Segment Start: Data supplied
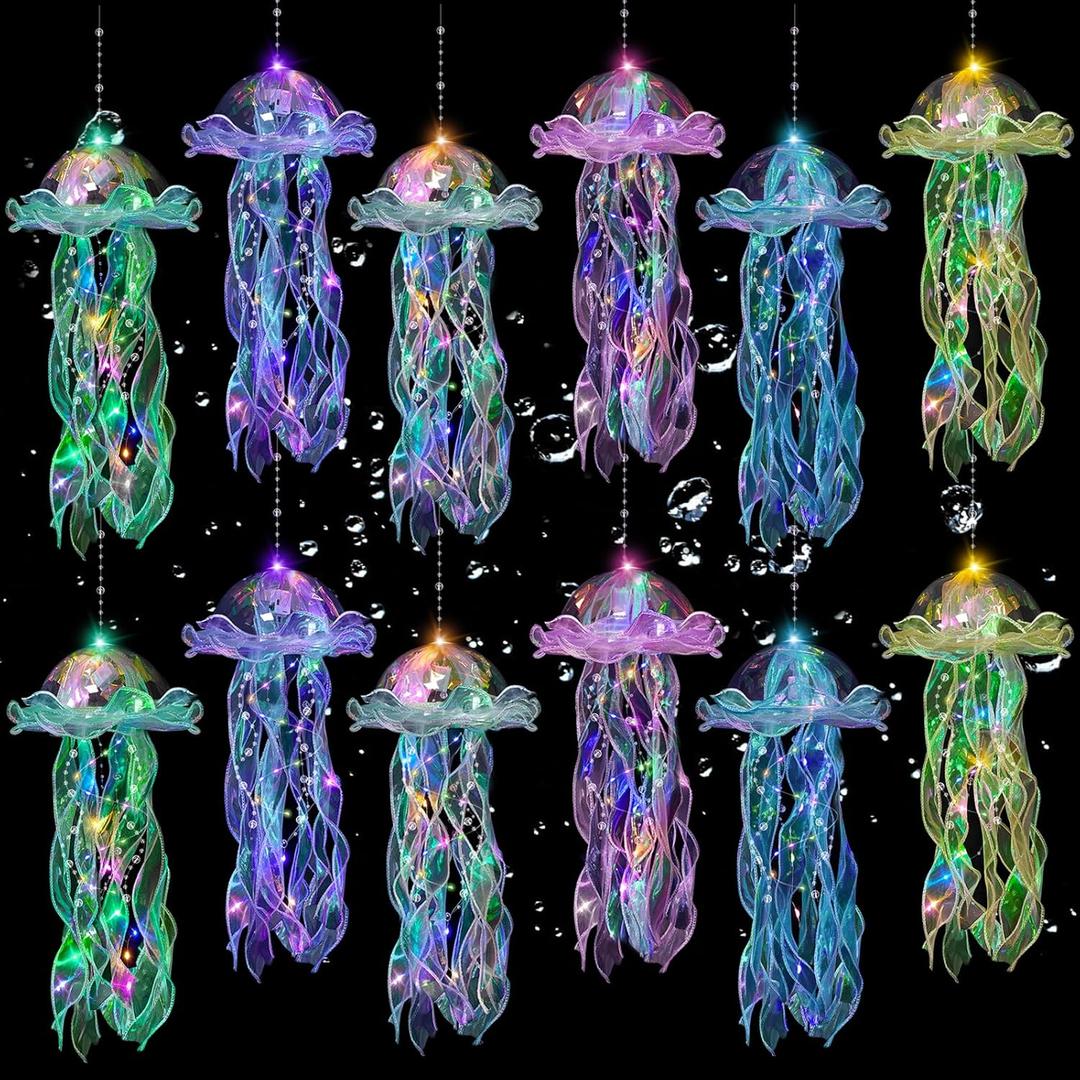 Jellyfish Decor - 12 Pcs Jellyfish Lanterns for Under the Sea Decorations, Hanging Jelly Fish Decoration for Mermaid Theme Party & Birthday Gifts for Women Girls (6 Colors)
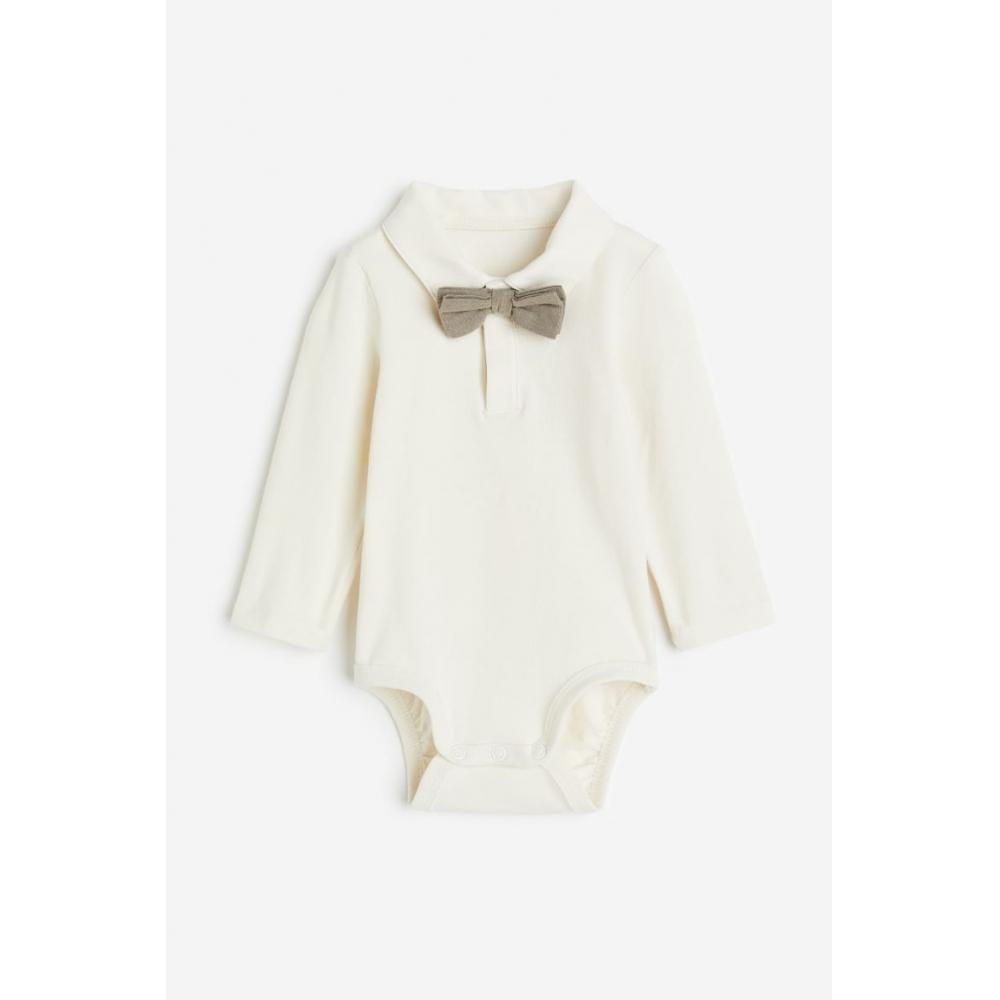 

Боди с галстуком-бабочкой H&M светло-бежевый/серо-коричневый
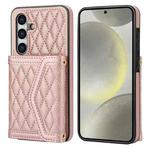 For Samsung Galaxy S24 5G Splicing Rhombic Texture Card Bag Phone Case with Long Lanyard(Rose Gold)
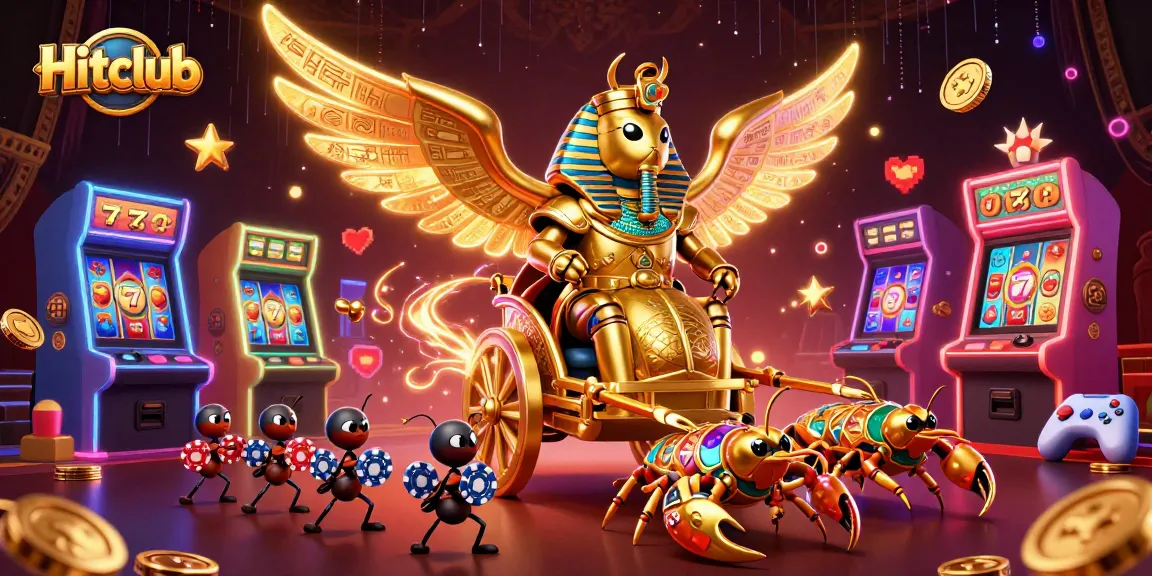 Hitclub features a colorful casino scene with golden scarab beetle and slot machines bursting with excitement.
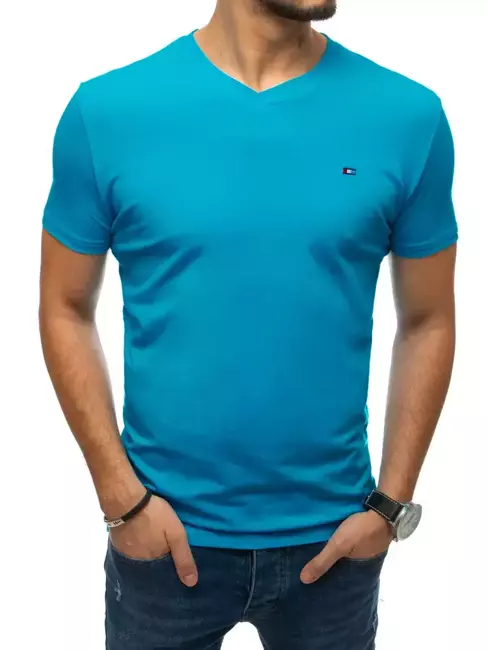 T-shirt męski bez nadruku turkusowy Dstreet RX4976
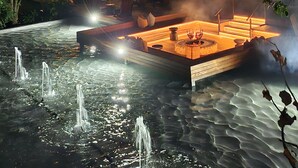 A spa area with a hot tub, steam room, and a pool with fountains. - The Residence Boutique Hotel (Johannesburg)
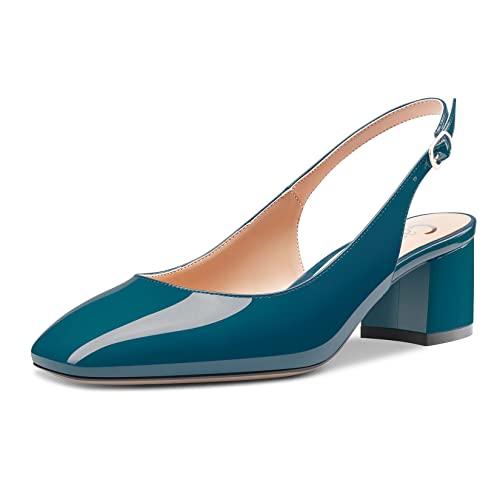 Escarpins slingback confortables bout carré fini les douleurs aux pieds avec talon 5 cm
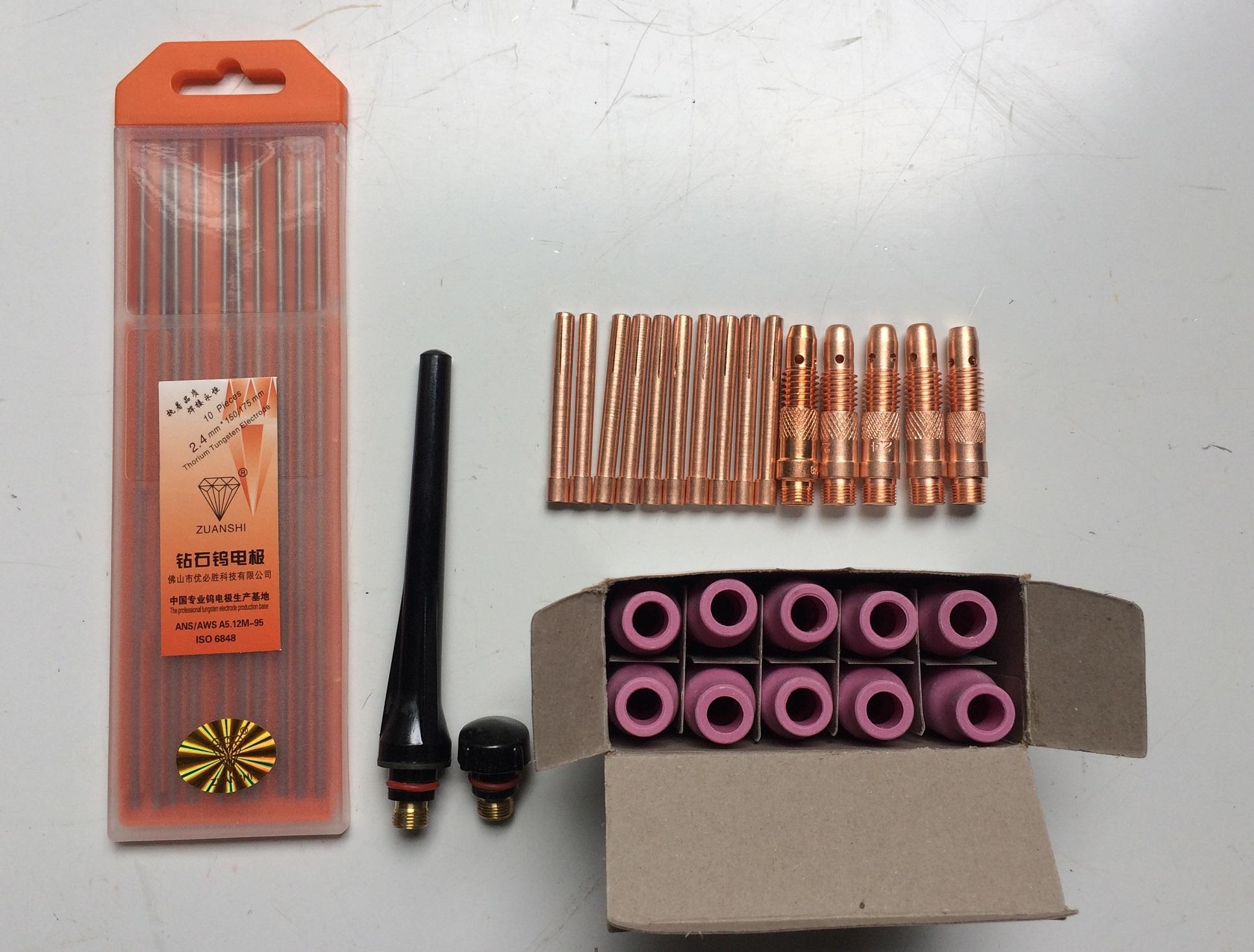 [HCM]Bộ 10 kim hàn 2.4 + phụ kiện đèn hàn Tig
Segment End: Data supplied
Activity ▸
Give back every entry in its exact wording, leaving the pictures out.

Task result ▸
 Jellyfish Decor - 12 Pcs Jellyfish Lanterns for Under the Sea Decorations, Hanging Jelly Fish Decoration for Mermaid Theme Party & Birthday Gifts for Women Girls (6 Colors)

Боди с галстуком-бабочкой H&M светло-бежевый/серо-коричневый
 For Samsung Galaxy S24 5G Splicing Rhombic Texture Card Bag Phone Case with Long Lanyard(Rose Gold)
 Hitclub features a colorful casino scene with golden scarab beetle and slot machines bursting with excitement.
 T-shirt męski bez nadruku turkusowy Dstreet RX4976
 A spa area with a hot tub, steam room, and a pool with fountains. - The Residence Boutique Hotel (Johannesburg)
 Escarpins slingback confortables bout carré fini les douleurs aux pieds avec talon 5 cm
 [HCM]Bộ 10 kim hàn 2.4 + phụ kiện đèn hàn Tig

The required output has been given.